Anyway, I used to go see Polvo whenever they would come to the Black Cat, which, according to Pitchfork, is where the band is scheduled to play its first show on an All Tomorrow’s Parties-inspired reunion tour.

If it’s anything like the show or two I saw during my Library of Congress stint, the May 9th set will involve equipment malfunctions, tuning problems, and a sleepy-looking Ash Bowie. Can’t wait.

DC Punk’d at Black Cat Backstage

The interactive/online project Capitol of Punk of late 2006 was one of the most interesting histories of the harDCore scene. It featured a series of maps, guided tour stops, and videos for every stop, and could either be viewed on the Internet or downloaded to your video iPod for walking, much like a 21st-century version of DC’s heritage trails. Viewers can learn about venues past (d.c. space) and present (Fort Reno), plus hear Ian MacKaye’s adoration of Marion Barry and Ian Svenonius‘ assertion that D.C.’s landmarks were deliberately plotted in the shape of a pentagram. Oh, Ians!
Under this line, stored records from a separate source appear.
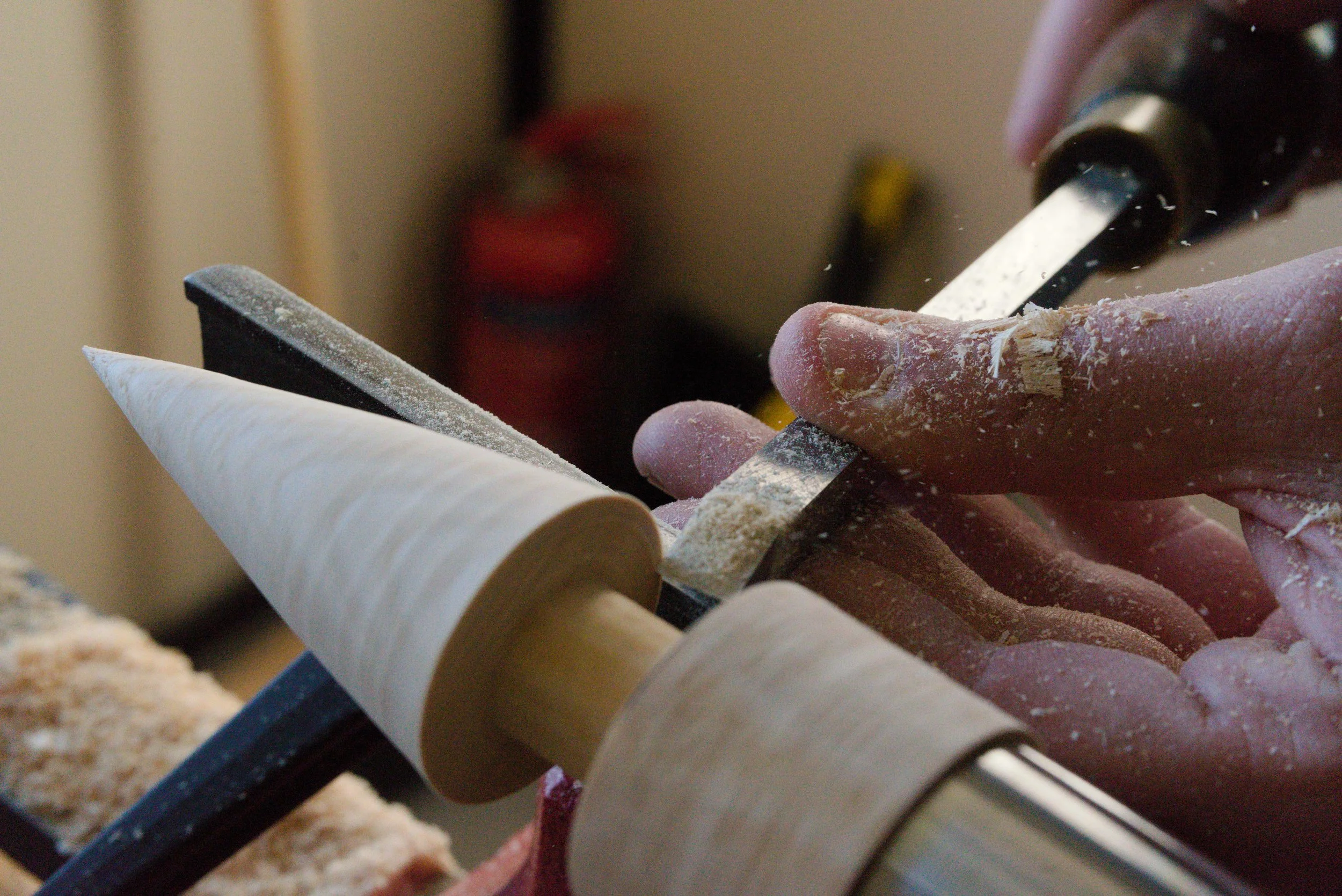 Close-up of a hand holding a wood carving chisel among partially carved wooden pieces.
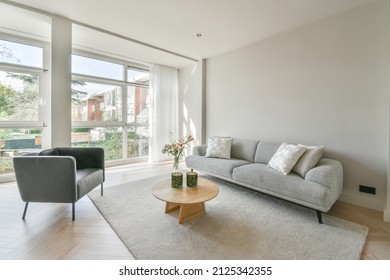 Interior Of Modern Living Room With A Wall Filled With Windows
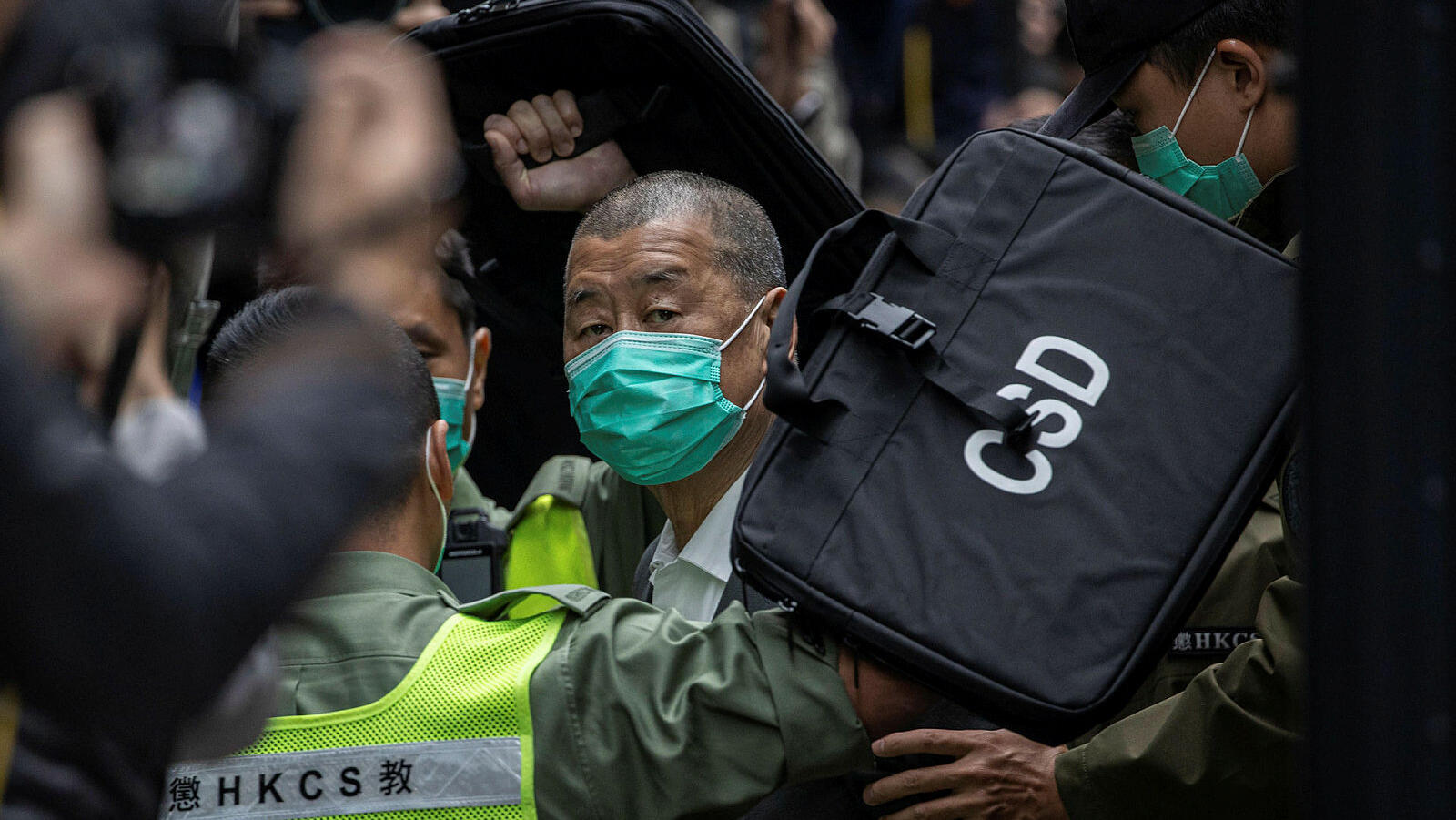 ג'ימי לאי טייקון תקשורת מ הונג קונג נשפט על השתתפות וארגון הפגנות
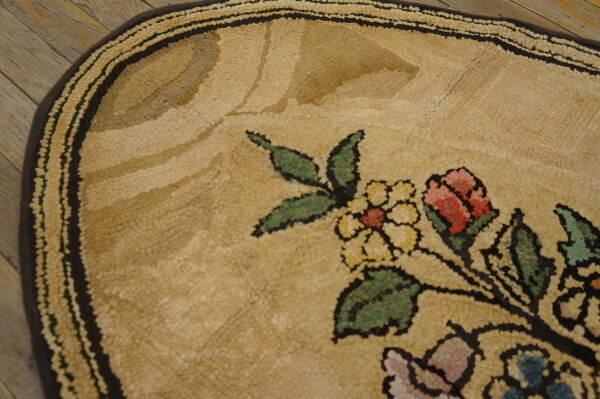 Detail of a tan hooked rug with a floral pattern of red, yellow, and green on rustic wood floor.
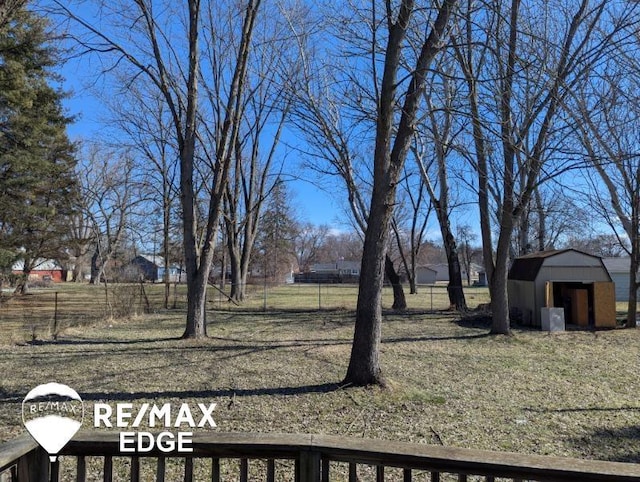 view of yard featuring a shed, fence, and an outbuilding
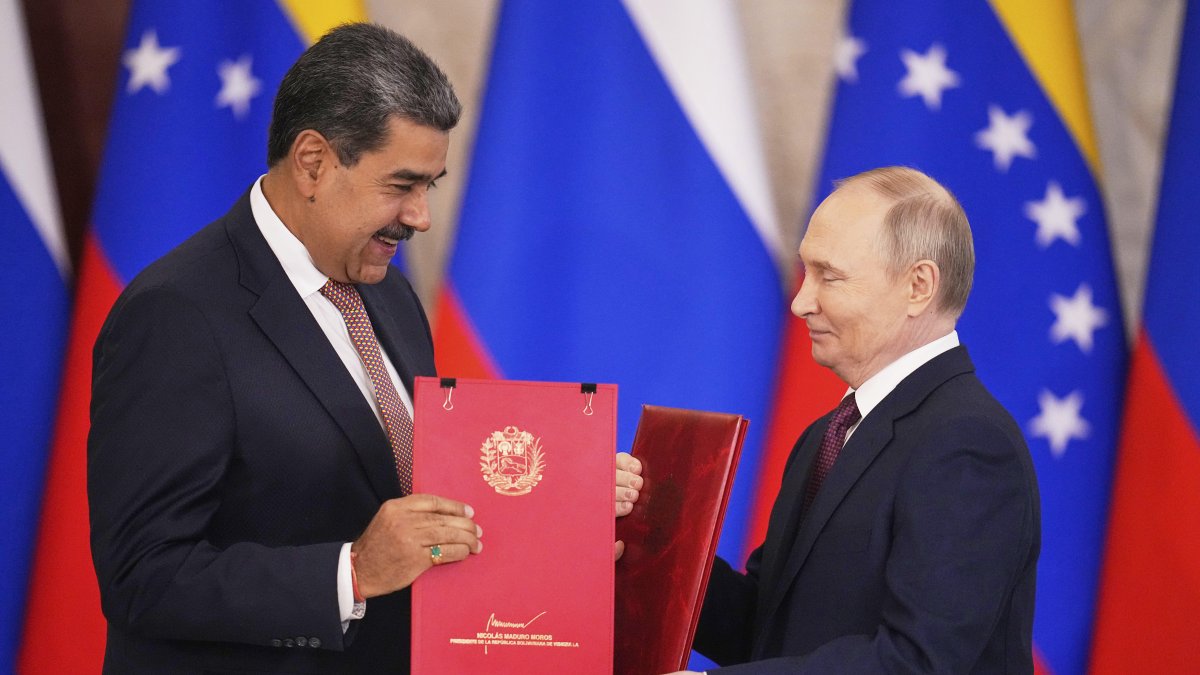 Vladimir Putin y Nicolás Maduro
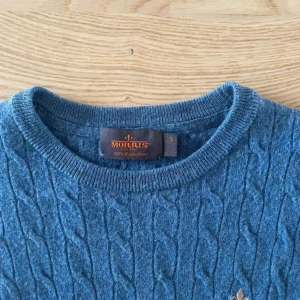 Blå kabelstickad tröja Morris - Snygg blå kabelstickad tröja från Morris i 100% merinoull. Tröjan har rund hals, lång ärm och ett litet broderat emblem på bröstet. Perfekt för dig som gillar klassisk stil med en modern touch. Passformen är normal och materialet är mjukt och värmande. Den är nästan ny den är knappt använd. Hör av er vid minsta fundering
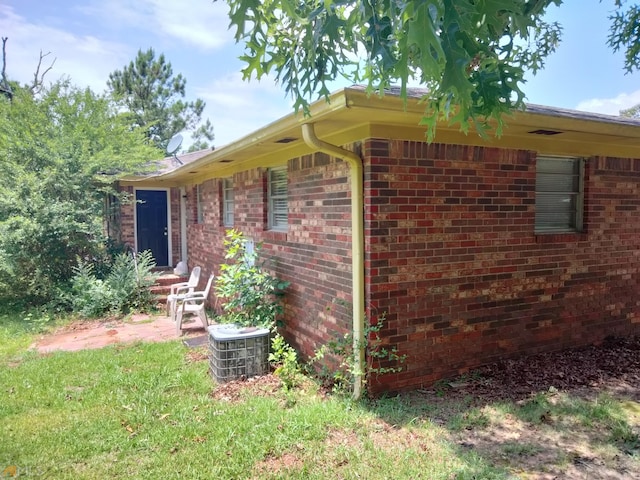exterior space with central AC unit and brick siding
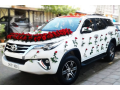fortuner-car-rent-for-wedding-near-me-small-0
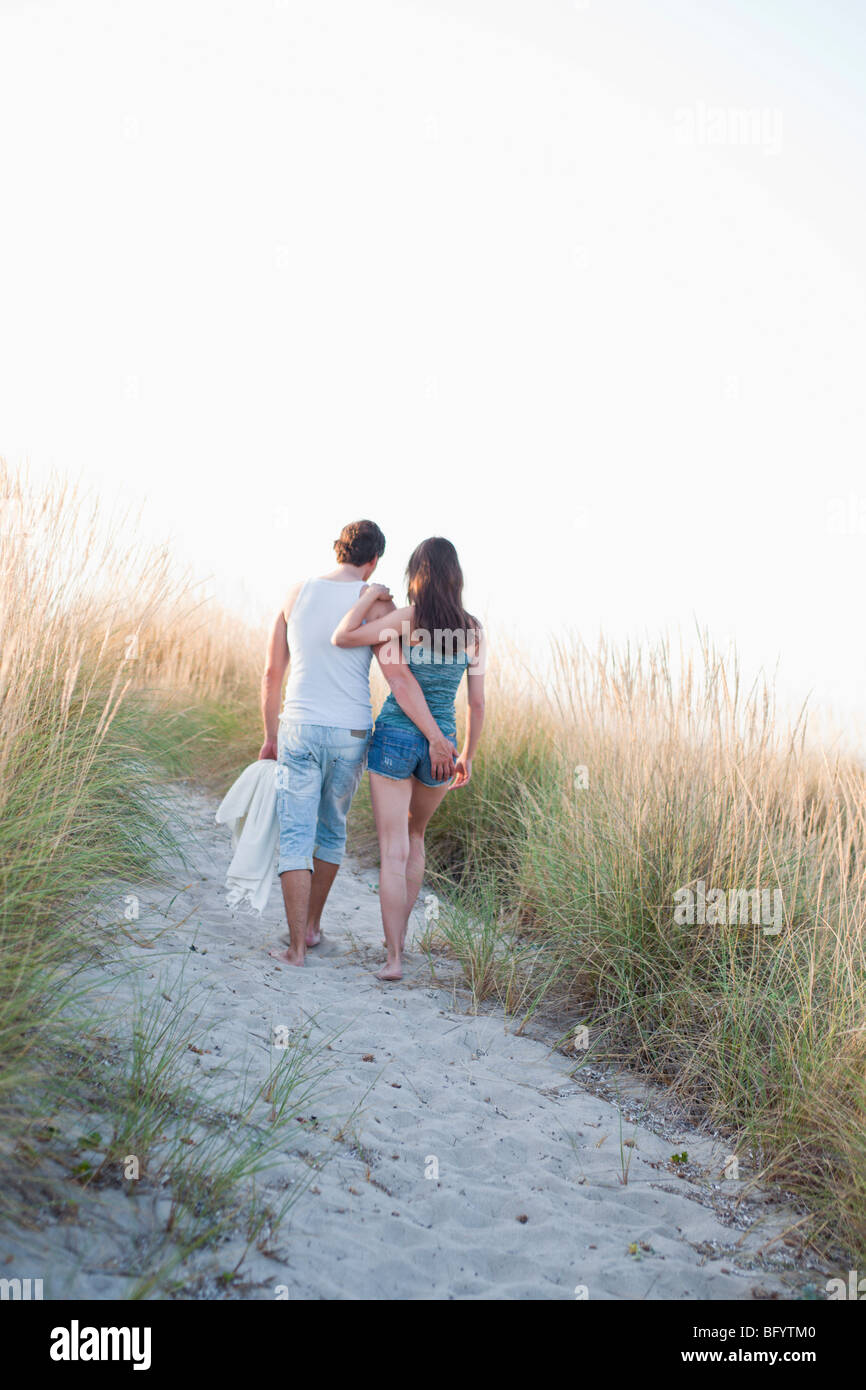 couple strolling along beach Stock Photo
But if you don’t have a video iPod, or you just like seeing your films on a big screen, tonight you might want to head down to the Black Cat. Capitol of Punk: Places and Stories of Hardcore in DC will be screened at the Backstage from 9 to 11. And for free! All ages, even! The scene lives on.

Two of Your Favorite People All in One Place

In Dischord news, “Medications are soldiering on as a duo and have a show booked in March in Washington at DC9.”We know that drummer Andrew Becker has left the band. But Dischord doesn’t say what form the duo will take. Both of the remaining members, Devin Ocampo and Chad Molter, excel on multiple instruments.